Sebelum izin pertambangan itu diperpanjang, hendaknya Dewan Perwakilan Rakyat Aceh (DPRA) turun melakukan evaluasi apakah perusahaan tambang tersebut sudah berjalan sebelumnya sesuai aturan, apakah tanggung jawabnya selama ini sudah dilaksanakan dengan baik atau tidak.
"DPRA melalui fungsi pengawasannya seharusnya membentuk Pansus untuk mengawasi sekaligus mengevaluasi kelayakan perusahaan tambang tersebut diperpanjang izin nya atau tidak.
"DPRA juga harus mengevaluasi apakah 2(dua) perusahaan tersebut sudah memenuhi kewajibannya secara aturan, baik itu CSR, tenaga kerja, AMDAL, Pajak dan sebagainya.

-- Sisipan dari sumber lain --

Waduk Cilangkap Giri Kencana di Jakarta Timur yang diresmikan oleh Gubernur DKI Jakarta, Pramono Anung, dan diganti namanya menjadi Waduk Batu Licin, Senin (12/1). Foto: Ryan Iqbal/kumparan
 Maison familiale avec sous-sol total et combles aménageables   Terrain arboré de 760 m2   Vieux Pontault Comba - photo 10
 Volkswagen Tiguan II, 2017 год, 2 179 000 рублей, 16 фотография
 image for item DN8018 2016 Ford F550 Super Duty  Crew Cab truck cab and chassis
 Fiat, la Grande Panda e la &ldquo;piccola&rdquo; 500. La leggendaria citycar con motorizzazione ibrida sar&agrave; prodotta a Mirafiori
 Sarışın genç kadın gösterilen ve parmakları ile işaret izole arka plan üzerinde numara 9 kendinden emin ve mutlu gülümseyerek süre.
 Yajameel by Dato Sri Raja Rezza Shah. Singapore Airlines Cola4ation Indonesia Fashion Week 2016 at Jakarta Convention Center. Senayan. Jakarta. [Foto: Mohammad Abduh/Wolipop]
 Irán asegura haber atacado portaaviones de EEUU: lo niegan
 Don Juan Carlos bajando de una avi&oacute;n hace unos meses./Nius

Kemudian apakah selama beroperasi perusahaan tambang tersebut berdampak negatif kepada masyarakat misalkan karena tidak menjalankan AMDAL maka terjadi banjir, bahkan aspek penyerapan tenaga kerja lokal Aceh juga harus dievaluasi seperti apa. Hal itu harus dilakukan sebelum perpanjangan izin kembali diberikan, jika mudhoratnya lebih besar dari pada manfaatnya bagi rakyat dab daerah, kenapa tidak pemerintah harus menolak perpanjangan izinnya," kata Mahmud.
Mahmud juga mendesak agar Kejagung, KPK dan DPRA benar-benar mengawasi kebijakan perizinan tambang yang ada di Aceh. Jangan sampai perizinan tambang nantinya dijadikan alat tukar menukar dalam politik Pilkada sementara mengabaikan nasib rakyat Aceh khususnya yang selama ini berada di kawasan sekitar tambang.
"Rakyat Aceh tidak anti investasi, namun jika itu merugikan negara dan rakyat atau tidak sesuai dengan regulasi/aturan, maka tentunya pemerintah juga harus bersikap tegas,"pungkasnya.